Type out each record word for word. Pictures stay out.

Recorded data>

%%

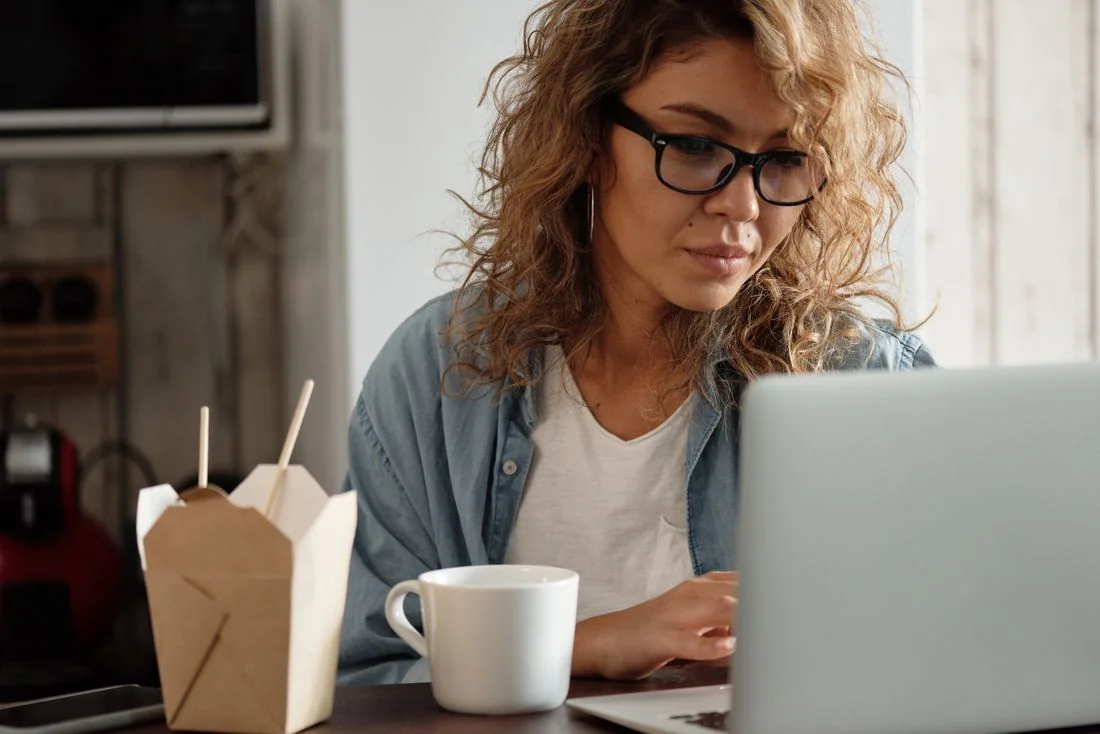 Frau in offenem Jeanshemd und weißem T-Shirt an einem Laptop.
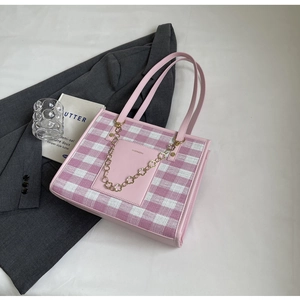Detailed close-up of pink checkered canvas tote with golden flower chain and leather patch
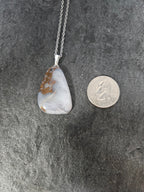 A silver pendant necklace with a raw, polished stone featuring white, gray, and brown natural patterns, displayed next to a US quarter coin for scale on a dark textured background.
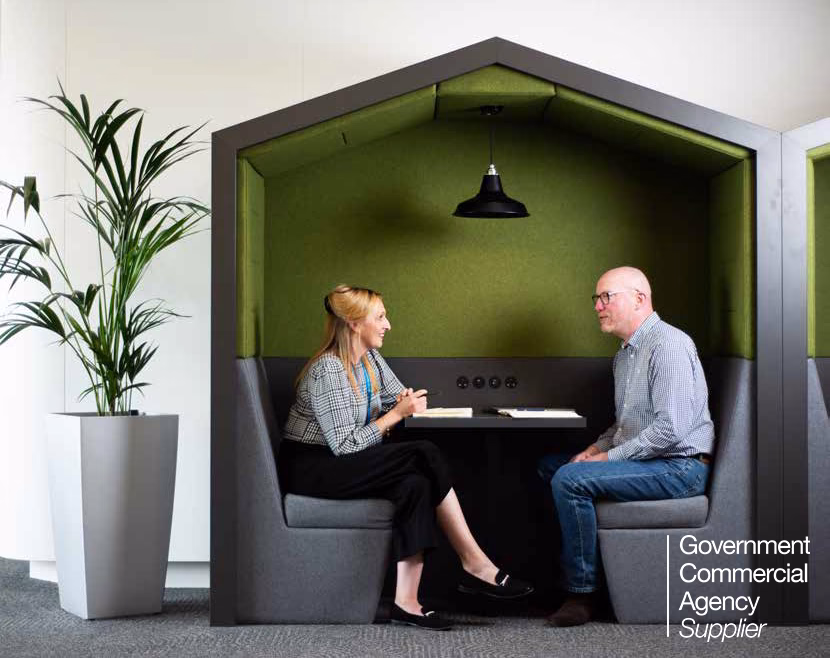 Shot of male and female CCS workers sitting across from each other in a pod with seats and table in a modern office location with potted plant. Government Commercial Agency supplier logo in lower righthand corner.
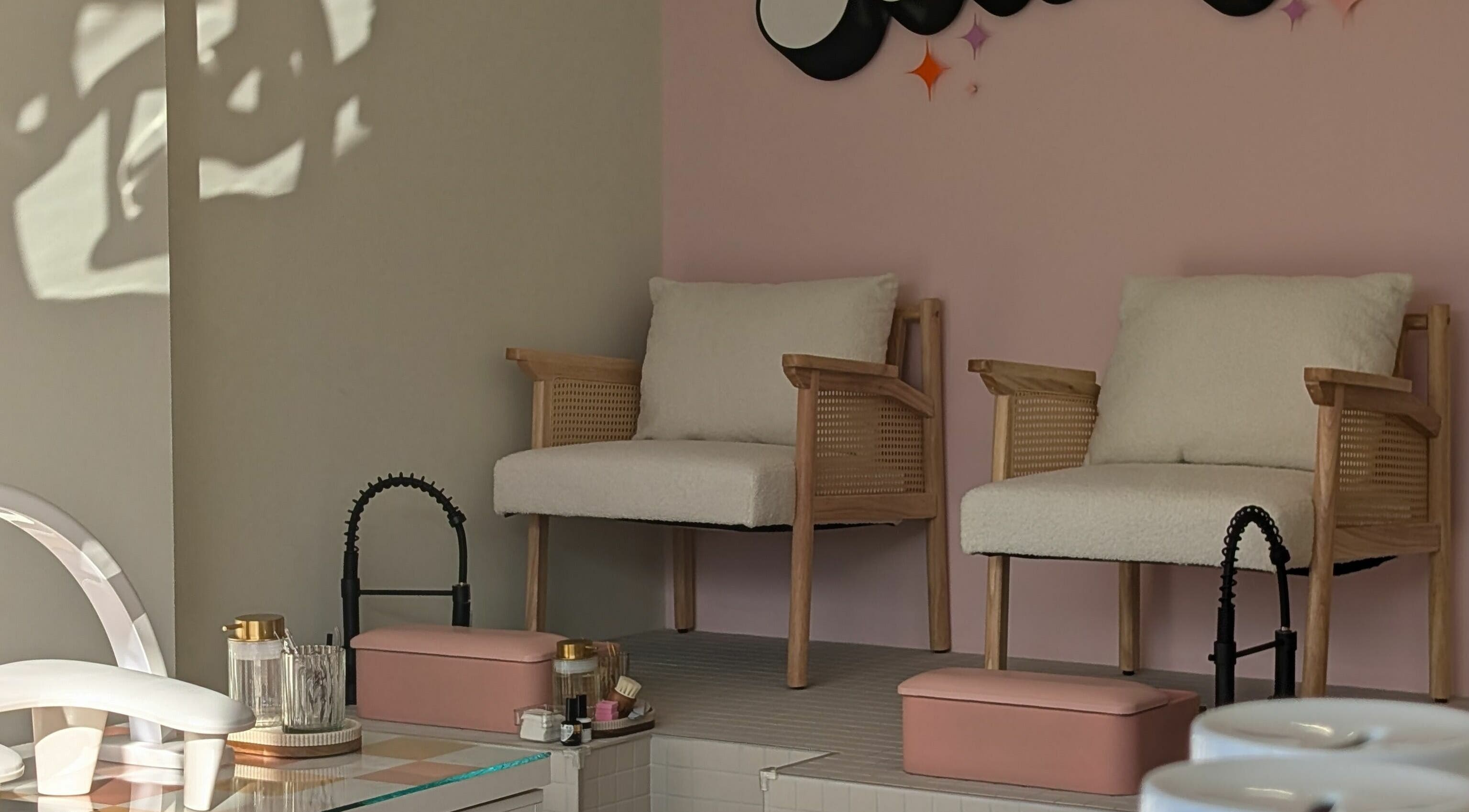 Elegant seating area at Toddy's Nails Wadebridge, featuring cushioned chairs and modern decor in Wadebridge, England, GB.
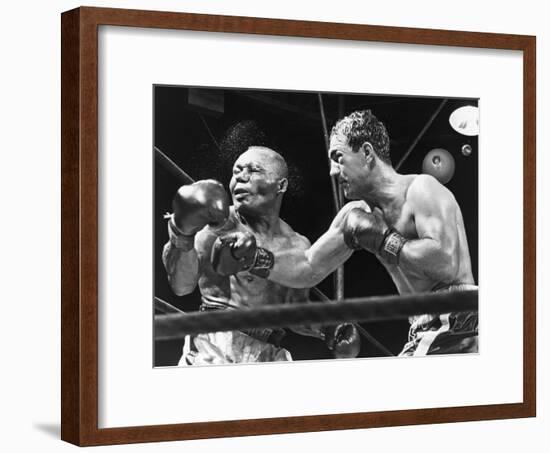 Rocky Marciano Landing a Punch on Jersey Joe Walcott, Sept. 23, 1952-null-Framed Photo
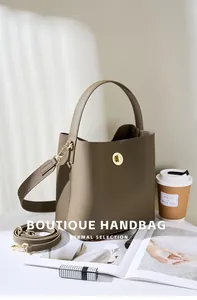 Dettaglio borsa a secchiello in pelle martellata color talpa con chiusura a scatto dorata
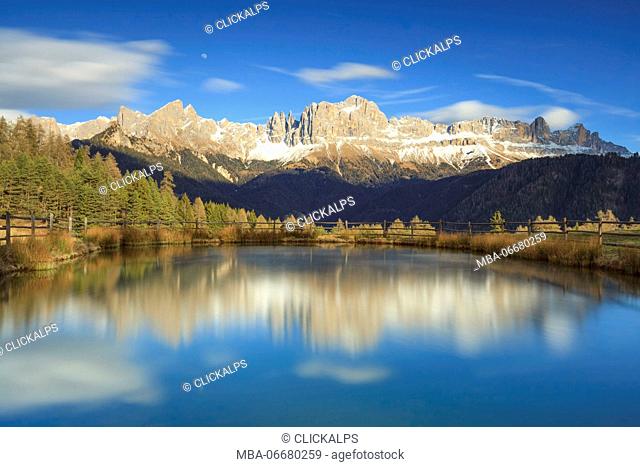 Europe, Italy, Valley of Tiersertal, South Tyrol, Alto Adige, Dolomites. Reflections of Catinaccio - Rosengarten at sunset on the lake Wuhn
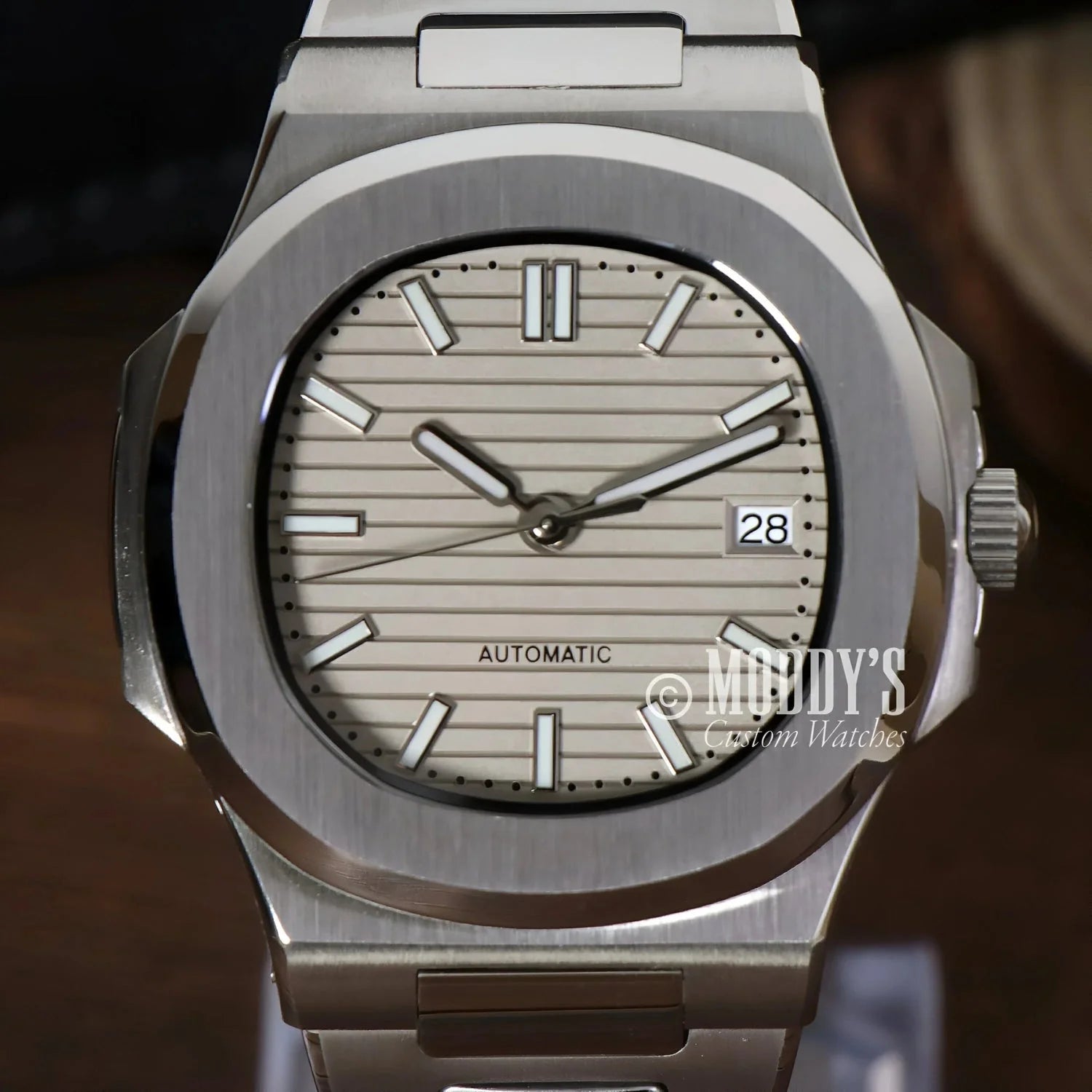 Silver automatic wristwatch featuring NH35 automatic movement from Nautiko Cream collection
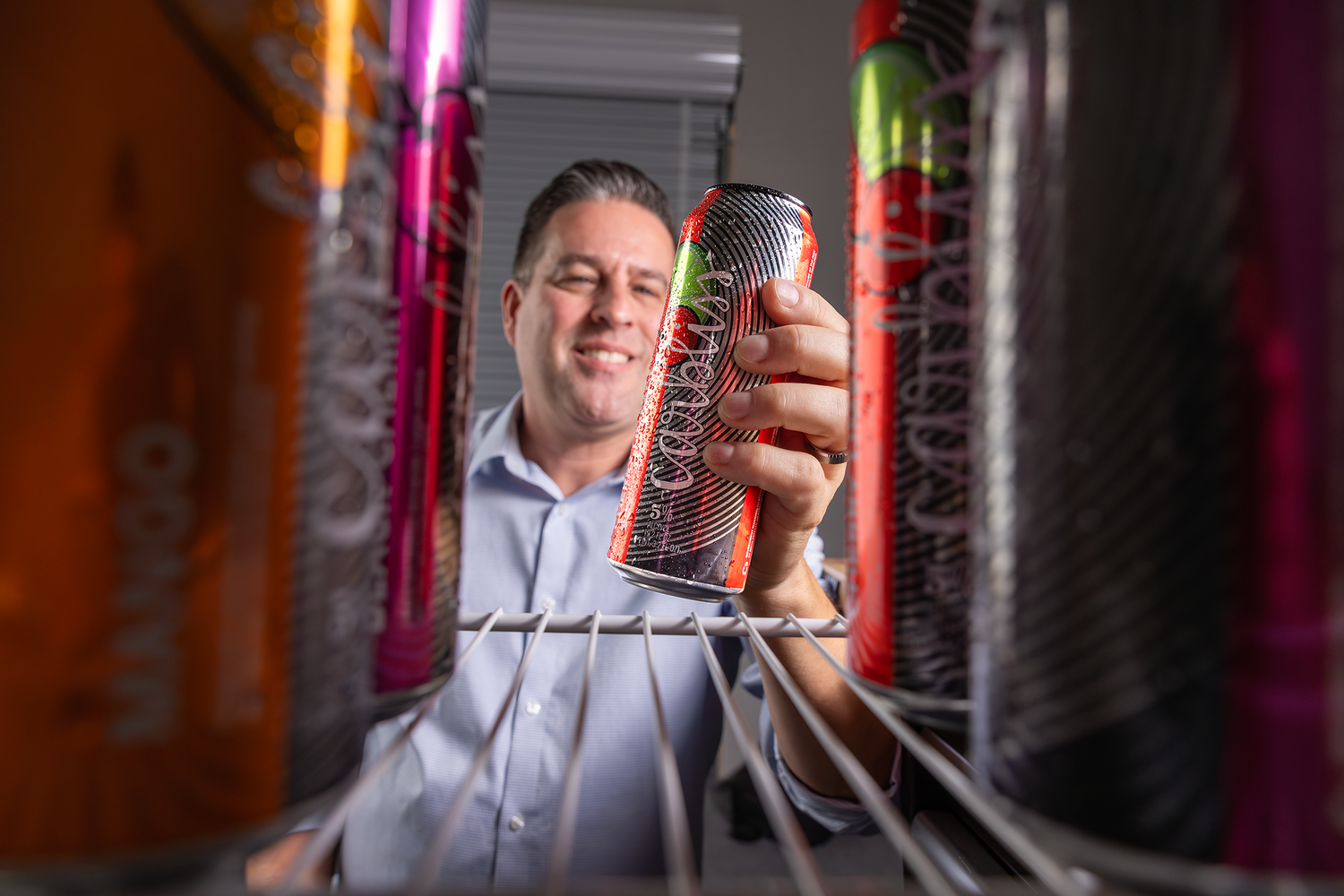 Man grabbing a Carbliss Cocktails Cherry Limeade out of the refrigerator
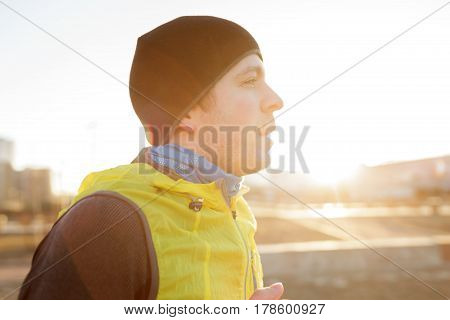 A Young Man In A Hat And Bright Jacket Runs In The Morning At Sunrise. Play Sports And Lead An Activ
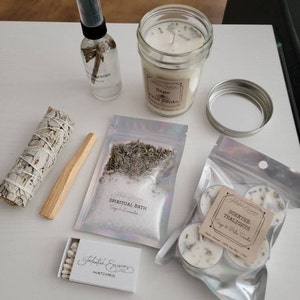 May include: A white sage smudge stick, palo santo stick, a small box of matches, a clear glass bottle with a spray nozzle, a jar candle with a white candle and a label that says "Sage & Palo Santo", a small bag of white bath salts with a label that says "Spiritual Bath Sage & Lavender", and a small bag of tea lights with a label that says "Scented Tealights Sage & Palo Santo".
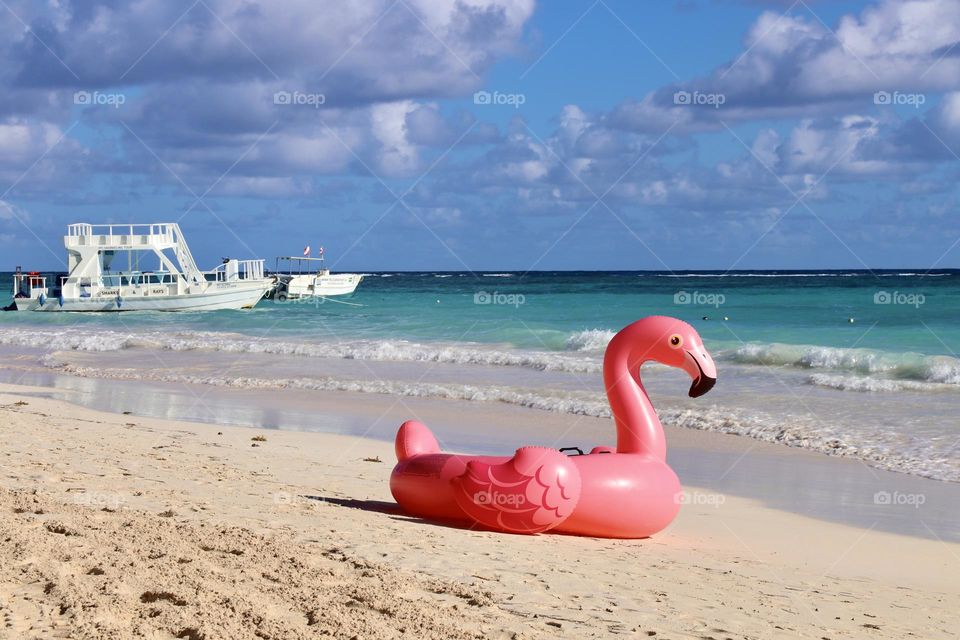 inflatable pink flamingo on the beach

%%

Answer section>
 Frau in offenem Jeanshemd und weißem T-Shirt an einem Laptop.
Detailed close-up of pink checkered canvas tote with golden flower chain and leather patch
 A silver pendant necklace with a raw, polished stone featuring white, gray, and brown natural patterns, displayed next to a US quarter coin for scale on a dark textured background.
 Shot of male and female CCS workers sitting across from each other in a pod with seats and table in a modern office location with potted plant. Government Commercial Agency supplier logo in lower righthand corner.
 Elegant seating area at Toddy's Nails Wadebridge, featuring cushioned chairs and modern decor in Wadebridge, England, GB.
 Rocky Marciano Landing a Punch on Jersey Joe Walcott, Sept. 23, 1952-null-Framed Photo
 Dettaglio borsa a secchiello in pelle martellata color talpa con chiusura a scatto dorata
 Europe, Italy, Valley of Tiersertal, South Tyrol, Alto Adige, Dolomites. Reflections of Catinaccio - Rosengarten at sunset on the lake Wuhn
 Silver automatic wristwatch featuring NH35 automatic movement from Nautiko Cream collection
 Man grabbing a Carbliss Cocktails Cherry Limeade out of the refrigerator
 A Young Man In A Hat And Bright Jacket Runs In The Morning At Sunrise. Play Sports And Lead An Activ
 May include: A white sage smudge stick, palo santo stick, a small box of matches, a clear glass bottle with a spray nozzle, a jar candle with a white candle and a label that says "Sage & Palo Santo", a small bag of white bath salts with a label that says "Spiritual Bath Sage & Lavender", and a small bag of tea lights with a label that says "Scented Tealights Sage & Palo Santo".
 inflatable pink flamingo on the beach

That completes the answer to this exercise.